Adicional a esta dicotomía, el texto es un tercer elemento que llena de sentido el viaje y que solo aparece sobre las partículas rojas. “Fue cuando quisieron comprar una nevera para la casa” se escribe en la pantalla al inicio de la película sobre una cocina en rojo y yo, con mi propia voz, leí y creé el recorrido. Todo el cortometraje es un recorrido con una cámara subjetiva que contribuye a acentuar la sensación de que por momentos somos nosotros los que hablamos. El texto en pantalla es la voz de la madre, la de Angélica y la nuestra. Juntas caminamos por el mismo espacio. La voz también es creadora. Cuando vi el cortometraje por primera vez me sentí hipnotizado, pues entré a un espacio y tiempo que no tiene que ver mucho con una progresión lineal, con claridades de causa y efecto, sino con un estado más parecido al del orden de la repetición cambiante, de la oración. El poema de San Juan es un poema con el que se ha orado; su texto, como el de “Todas mis cicatrices se desvanecen en el tiempo”, son vehículo de conexión con el interior (con Dios y los demás).

“A veces me escondía en el cafetal hasta desaparecer en el viento” se escribe en otro momento en la pantalla, y se hace evidente que el viento acá no solo es fuente de vida sino encuentro con la curación de sí misma. El viento, como Dios, tiene la potencia de

dar y quitar vida. Da, cura y transforma. Al viento realmente no lo vemos, sino que vemos la causa de su potencia inicial: produce movimiento en otros objetos logrando, en algunos casos, que cambien de un estado a otro y, en otros, su desplazamiento a lugares que ya no vemos. Las partículas que Angélica construyó en medio de su relación con su madre se transforman y desaparecen, se generan y luego se van. Impulsadas por el viento dejan atrás lugares y huellas. Sus rastros no volverán a estar en el mismo lugar, sino que seguirán andando sin fin hasta que algunos no vuelvan más. Sin embargo, parece que para poder soltar las heridas al viento estas se deben indagar por decisión propia, entre madre e hija.

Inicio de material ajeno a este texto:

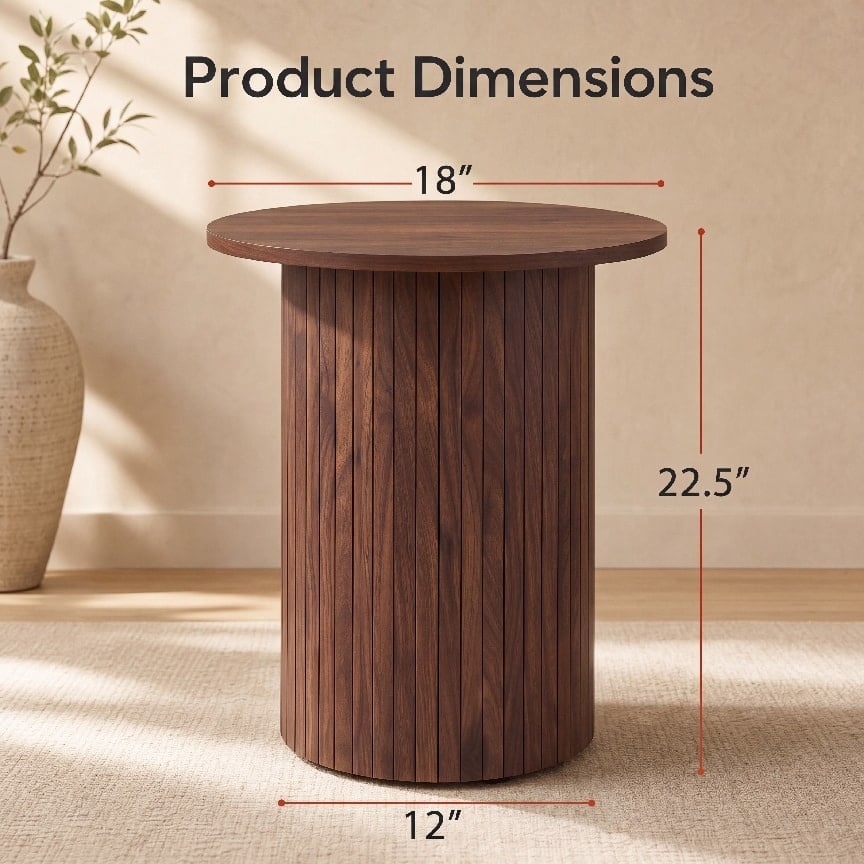 Table d'appoint ronde cannelée de 18", tambour à piédestal, noyer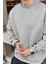 Erkek Düz Gri Basic Baskısız Sıfır Bisiklet Yaka Oversize Salaş Sweatshirt Sweat 2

Creo que el viento que mueve las partículas de luz de Angélica ilumina la fuente invisible de San Juan para revelarla como una caricia que toca y mueve todo lo creado. Como San Juan, en la soledad del encierro podemos entrar en nosotros mismos para buscar la fuente interior que nos ama, sin embargo, es en la relación que establecemos con los otros, en este caso la que establece Angélica con su madre, que podemos sanar las heridas que el viento nos trae y se lleva. Al final del cortometraje, observamos el abrazo de una madre que cuida a su hija. Y es que es en el abrazo, en que soportamos al otro que al mismo tiempo nos soporta, en donde podemos vislumbrar la fuente invisible que sana, pues allí realmente no vemos al otro con los ojos, sino que lo sentimos (y nos sentimos) con todo nuestro cuerpo.

Esta película, como el poema, es un eterno y constante fluir en compañía. Imagino el aliento que la otra persona produce al soplar o decir una palabra y me regocijo por ver al otro y poder viajar con él. Este cortometraje, con aire a un viaje trascendental y sagrado, imprime en nosotros sensaciones terrenas, un impulso que invita a recorrer la vida que pronto termina. No asistimos a una plegaria por la vida eterna sino al cuidado de los dolores finitos. Así como San Juan al momento de escribir este poema se encontraba preso, como espectadores también lo estamos con los recuerdos relatados en pantalla. Sin embargo, el texto y la imagen se vuelven fuentes que alivian.

10. Aquí se está llamando a las criaturas,
y de esta agua se hartan, aunque a oscuras, porque es de noche.

11. Aquesta viva fuente que deseo, en este pan de vida yo la veo, aunque es de noche.